Podczas listopadowej sesji sejmiku województwa warmińsko-mazurskiego, radny PiS, Paweł Warot wystosował interpelację do marszałka Marcina Kuchcińskiego ws. finansowania lokalnego stowarzyszenia "Borussia".
- Pan Marszałek dopuszcza by Stowarzyszenie Wspólnota Kulturowa „Borussia" za środki Samorządu Województwa Warmińsko-Mazurskiego organizowało spotkania z komunistami - przykład Mariana Turskiego, byłego członka partii komunistycznej, byłego komunistycznego cenzora z okresu stalinowskiego, propagandzisty, pracownika Wydziału Propagandy Komitetu Centralnego PZPR, dziennikarza sławiącego niegdyś Włodzimierza Lenina
- czytamy.
Dalej radny PiS podważa organizowanie przez stowarzyszenie obchodów "nocy kryształowej" (pod hasłem "Nigdy więcej pogromów").

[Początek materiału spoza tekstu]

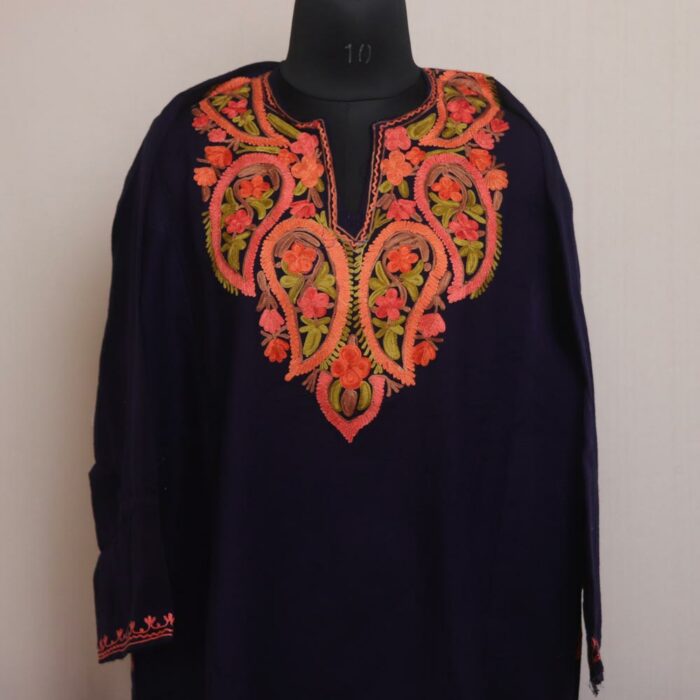 Sapphire Twilight: Dark Blue Winter Kashmiri Pheran with Aari Embroidery - Image 2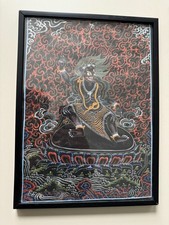 Black Thangka Wrathful Vajrapani Protector Hand Painted Nepal Tibetan Buddhist F picture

Chodzi o pogrom Żydów w nazistowskich Niemczech zainicjowany przez państwowe władze w nocy z 9 na 10 listopada 1938 roku. Zdaniem Warota takie wydarzenia "kierowane powinny być do współczesnych Niemców, to oni, bo przecież nie Polacy, winni bić się za winy swoich dziadków w piersi".
Zdaniem radnego samorząd województwa powinien przestać finansować "Borussię", a zaoszczędzone w ten sposób środki przekazać na rzecz ofiar powodzi, z której skutkami "rząd koalicji 13 grudnia sobie nie radzi".

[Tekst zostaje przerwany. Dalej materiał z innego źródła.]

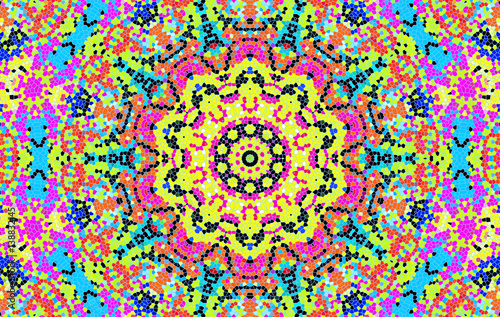 Bright abstract concentric mosaic pattern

Stowarzyszenie Wspólnota Kulturowa „Borussia” powstało w Olsztynie w 1990 roku. Szesnaście lat później założono fundację o tej samej nazwie, która kontynuuje i wspiera działalność stowarzyszenia. Jak czytamy na stronie "Borussi" misją społeczników jest "tworzenie nowych zjawisk kultury ponad podziałami i konfliktami narodowościowymi w jednoczącej się Europie w odwołaniu do wielokulturowego dziedzictwa regionu Warmii i Mazur, dawnych Prus Wschodnich".
W czwartek (21 listopada) Stowarzyszenie Wspólnota Kulturowa „Borussia” i Fundacja „Borussia” wystosowały obszerny komunikat w związku z interpelacją radnego Warota. Czytamy w nim o "bezprecedensowym ataku" ze strony Prawa i Sprawiedliwości.
- To irracjonalne i pełne manipulacji pomówienia, które nie mają nic wspólnego z prawdą. Odbieramy je nie tyle jako brak zrozumienia dla naszych działań programowych, co jako celowe działanie niektórych działaczy PiS, które świadczy o ich pseudointelektualnym autorytaryzmie
- twierdzą przedstawiciele "Borussi".
W dalszej części oświadczenia czytamy o apolityczności stowarzyszenia i braku zrozumienia ze strony polityków PiS. - Sugerowanie, że promujemy totalitaryzm to absurd, który może powtarzać tylko osoba, która nigdy nie wzięła udziału w żadnym naszym wydarzeniu - piszą społecznicy i zachęcają opozycyjnych radnych, aby wzięli udział w wydarzeniach organizowanych przez "Borussię". - Jesteśmy pewni, że będzie to ważne i pożyteczne doświadczenie dla obu stron - podsumowują.
Przypomnijmy, że "Borussia" działa przy ulicy Zyndrama z Maszkowic w Olsztynie. Stowarzyszenie przystosowało tam do swoich potrzeb dawny żydowski dom pogrzebowy, Bet Taharę, czyli zawodowy debiut wybitnego architekta Ericha Mendelsohna.